The Setup: At Ikea-parody "Shøp" the Simpsons run into Apu and his wife Manjula. Their infatuation with Maggie convinces them to have a baby.
Homer: Kids are the best, Apu. You can teach them to hate the things you hate. And they practically raise themselves, what with the internet and all.
Homer: Man, the last nine months sure were crazy.
Bart: I'll say. I learned the true meaning of Columbus Day.
Marge: I enjoyed a brief but memorable stint as Sideshow Marge.
Lisa: I became the most popular girl in school, but blew it by being conceited.
Bart: And then I learned the true meaning of winter.
Marge: I knew you had your hands full with the babies, so I baked you some banana bread.
Apu: Oh hallelujah, our problems are solved. We have banana bread.

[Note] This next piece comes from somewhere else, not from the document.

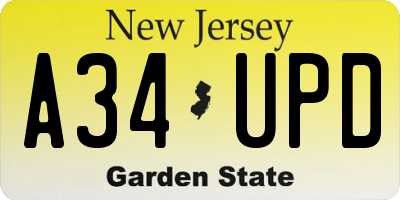 NJ license plate A34UPD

Teebore's Take: Definitely an improvement, and one of a handful of episodes that features a change to a character's status quo that sticks. Also, the zaniness (in this case, the octuplets getting sold to a zoo to perform in a variety show and Homer and Apu's subsequent attempt to break them out) actually has a point, as it satirizes the media spotlight that often gets thrust on "multiples" specifically and celebrity babies in general. The Simpson family getting shoehorned into Apu and Manjula's story doesn't seem as forced as some supporting cast-centric episodes do, considering they did host their wedding, making the Simpsons more than just familiar customers to the Nahasapemapetilans.
Selling the octuplets to a zoo where they perform in a variety show before Homer replaces them by unicycling past cobras with Butch Patrick on his shoulders is pretty zany, but the zaniness is mitigated a bit by the fact that its done, in part, in the service of satire.
Aside from a few insensitive quips, Homer spends most of the episode actually helping Apu and Manjula, both to get pregnant and later, to steal back their babies.